In the East Village of Manhattan, a survey found that cyclists spend about $20 more per week on retail than drivers. Another study in Portland, Oregon found that cyclists spend less money per trip to grocery and retail stores, but make more trips than drivers, and end up spending at least as much, if not more than drivers on a monthly basis.
The Great Springs Project
The Great Springs Project, based in Austin, Texas, recently submitted their economic benefits report for a proposed 100-mile pedestrian and bike trail. The proposed project would span from the Alamo in San Antonio to Austin, the Capitol.. According to the report, this project could generate just north of $55 million in economic, health, and environmental benefits.
The Great Springs Project also anticipates that more than 10,000 walkers, runners, and cyclists would use this trail on a daily basis for exercise, leisure, and even to travel to different areas of their community without their car!
The Manhattan Greenway
Manhattan is currently home to the Hudson River Greenway, the country’s most used bike path. That probably isn’t too much of a surprise seeing as Manhattan is the most populated city in the United States. It’s so popular though, that in April, Mayor de Blasio committed $723 million to finishing the greenway so that it will circle the entire island. While the expected completion date is set for 2029, having funding committed to the project is certainly a step in the right direction.

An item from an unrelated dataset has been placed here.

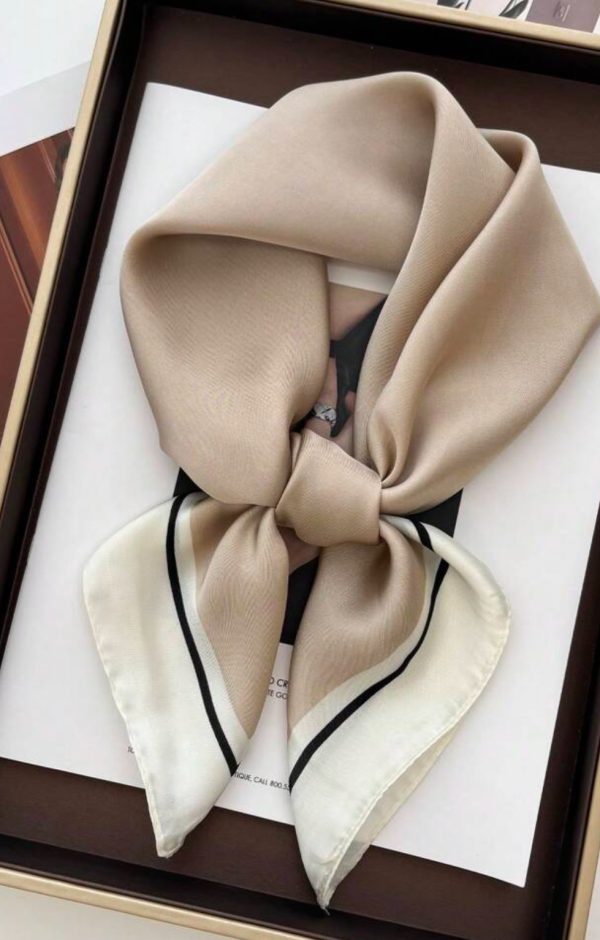 Bandana- beige silk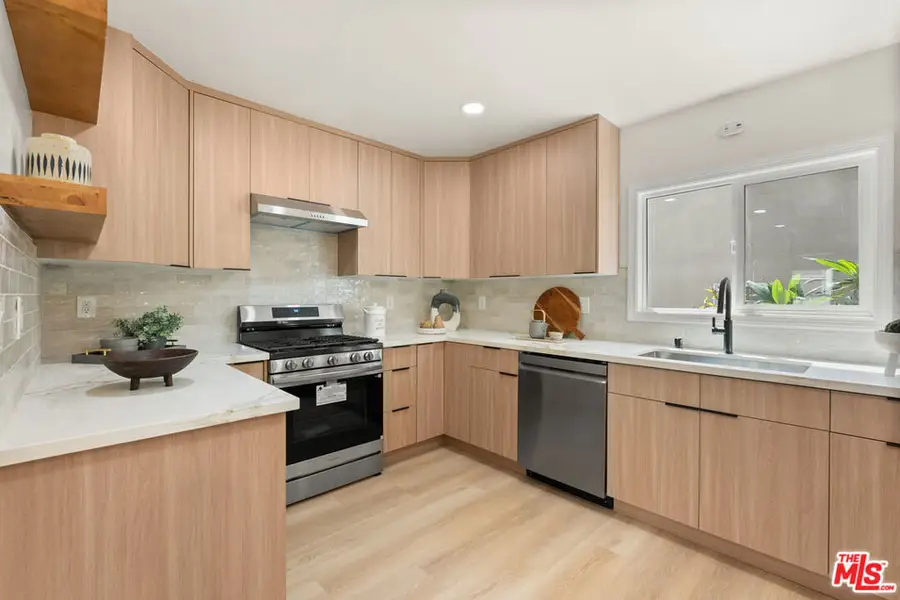 8420 Bleriot Avenue, Los Angeles, CA 90045 - #3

You can also find a 26-mile greenway across the river in Brooklyn. There are similar spaces in other New York City boroughs including Queens, Staten Island, and the Bronx. These projects are all in addition to the $1.7 billion dollar bill passed in 2019 to add 250 miles of protected bike lanes, 150 miles of dedicated bike lanes, and a million square feet of new pedestrian space in New York City. New York’s commitment to investing in this kind of infrastructure is clear, and should serve as an example for other cities throughout the United States.